Late Wednesday afternoon, lawyers for the Texas Department of Family and Protective Services filed papers with 51st District Judge Barbara Walther to remove the children from court oversight.

"We're going to continue to be doing that," CPS spokeswoman Marleigh Meisner told the Deseret News on Wednesday.

The decision to "nonsuit" the children could be for a variety of reasons, she said.

"It could be because the children are in a protected environment or are over 18," Meisner said. "It could be that we found no abuse or neglect."

Nonsuiting a child does not end CPS's involvement in the cases, either. Many FLDS parents are being asked to undergo psychological evaluations, attend parenting classes and take steps to ensure their children are safe from abuse.

The 24 children are the latest cases that CPS has "nonsuited" since the April 3 raid on the YFZ Ranch. Last week, 34 more were dropped from court oversight, in addition to 32 earlier this month.
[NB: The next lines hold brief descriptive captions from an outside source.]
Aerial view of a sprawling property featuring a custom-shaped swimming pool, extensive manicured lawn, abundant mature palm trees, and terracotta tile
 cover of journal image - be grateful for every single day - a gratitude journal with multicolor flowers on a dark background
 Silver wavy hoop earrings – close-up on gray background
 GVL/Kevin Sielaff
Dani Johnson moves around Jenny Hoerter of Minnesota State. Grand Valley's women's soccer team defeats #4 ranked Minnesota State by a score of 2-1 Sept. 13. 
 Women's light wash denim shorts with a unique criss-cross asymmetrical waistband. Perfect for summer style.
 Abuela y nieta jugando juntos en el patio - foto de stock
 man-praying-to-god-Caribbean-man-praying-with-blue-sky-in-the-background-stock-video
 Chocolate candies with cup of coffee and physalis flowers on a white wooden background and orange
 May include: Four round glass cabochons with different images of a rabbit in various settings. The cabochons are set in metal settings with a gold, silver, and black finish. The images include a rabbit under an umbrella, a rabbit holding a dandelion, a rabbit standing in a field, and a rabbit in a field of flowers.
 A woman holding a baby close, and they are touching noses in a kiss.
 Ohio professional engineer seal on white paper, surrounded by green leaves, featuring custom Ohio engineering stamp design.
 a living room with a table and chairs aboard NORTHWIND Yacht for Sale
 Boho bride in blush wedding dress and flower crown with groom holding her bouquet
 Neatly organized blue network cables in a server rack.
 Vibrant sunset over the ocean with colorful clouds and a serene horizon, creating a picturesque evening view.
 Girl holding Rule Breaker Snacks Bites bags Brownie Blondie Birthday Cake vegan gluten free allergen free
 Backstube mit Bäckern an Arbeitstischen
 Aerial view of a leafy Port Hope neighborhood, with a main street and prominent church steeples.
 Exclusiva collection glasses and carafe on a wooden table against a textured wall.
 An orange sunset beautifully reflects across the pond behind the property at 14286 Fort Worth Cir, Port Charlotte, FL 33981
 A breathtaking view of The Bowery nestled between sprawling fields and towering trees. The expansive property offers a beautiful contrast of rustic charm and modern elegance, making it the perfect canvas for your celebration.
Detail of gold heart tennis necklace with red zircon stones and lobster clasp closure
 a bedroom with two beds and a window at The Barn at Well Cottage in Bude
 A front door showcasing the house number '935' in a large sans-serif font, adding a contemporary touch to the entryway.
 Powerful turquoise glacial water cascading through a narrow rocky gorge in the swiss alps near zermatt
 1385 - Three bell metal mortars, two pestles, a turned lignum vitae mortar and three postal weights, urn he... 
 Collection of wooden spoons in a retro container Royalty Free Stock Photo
On Tuesday, a 14-year-old girl was ordered back into foster care after a judge ruled her mother, Barbara Jessop, failed to protect her from abuse. The girl was allegedly married at age 12 to FLDS leader Warren Jeffs. Six other children whom CPS sought to have placed in foster care again were allowed to remain with their mothers under deals struck with the agency on Tuesday.

Hundreds of children were placed in state custody after the April raid on the ranch. Texas child welfare authorities and law enforcement responded to the FLDS Church's property in nearby Eldorado after a series of phone calls from someone claiming to be a pregnant 16-year-old in an abusive marriage to an older man. Once on site, authorities said they saw other signs of abuse, prompting a judge to order the removal of all of the children.

The 440 children were ultimately returned to their parents after a pair of Texas courts ruled the state acted improperly and failed to show the children were in immediate danger.